Here is one of my homework in the topology class: Show that $S^n=\{x_0\}\cup_{C_{x_0}} e^n$, where $C_{x_0}:S^{n-1}=\partial e^n\rightarrow \{x_0\}$ is the constant map.
My attempt: We construct a map
\begin{align}\varphi: \{x_0\}\sqcup e^n&\rightarrow S^{n}\\ x_0&\mapsto S=(0,\dots,0,1)\\ \rho(y_1,\cdots,y_n)&\mapsto (\sin (\rho\pi) y_1,\dots, \sin (\rho \pi) y_n,\cos \rho\pi ) \quad ((y_1,\cdots, y_n) \ is \ a \ unit \ vector ) \end{align}
i.e. $\varphi$ maps every radius of $e^n$ to a meridian of $S^n$. Then the decomposition space $\{\varphi^{-1}(p):p\in S^n\}$ is exactly the adjunction space $S^n=\{x_0\}\cup_{C_{x_0}} e^n$. So if one can show that $\varphi$ is a quotient map, by some argument in the quotient space, one can conclude that $\{x_0\}\cup_{C_{x_0}} e^n$ is homeomorphic to $S^n$.

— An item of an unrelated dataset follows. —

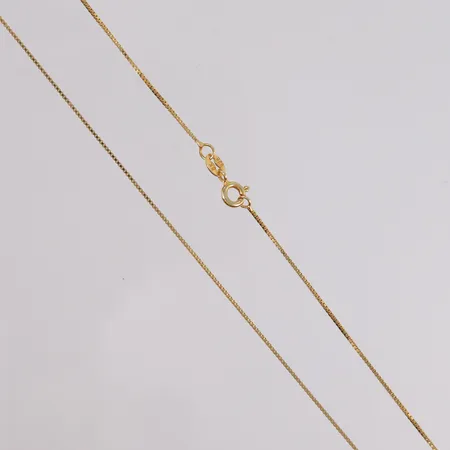 Halskjede, lengde ca 42cm, bredde ca 1mm, førgylld, 925/1000 sølv. Vekt: 1,8 g Kontakt Lånekontoret for frakt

But I cannot precisely write down the argument to show $\varphi$ is a quotient map. Are there any hints? Or perhaps there is a more direct way to show this?
Any helps or hints are welcomed, thanks!
I prefer to write $D^n$ instead of $e^n$. We attach $D^n$ to $x_0$ by the constant map $c : S^{n-1} = \partial D^n \to \{x_0\}$. The adjunction space $\{x_0\} \cup_c D^n$ is clearly homeomorphic to the quotient $D^n/S^{n-1}$. That $D^n/S^{n-1} \approx S^n$ has been adressed several times in this forum, for example in $B^n/S^{n-1}$ is homeomorphic to $S^n$.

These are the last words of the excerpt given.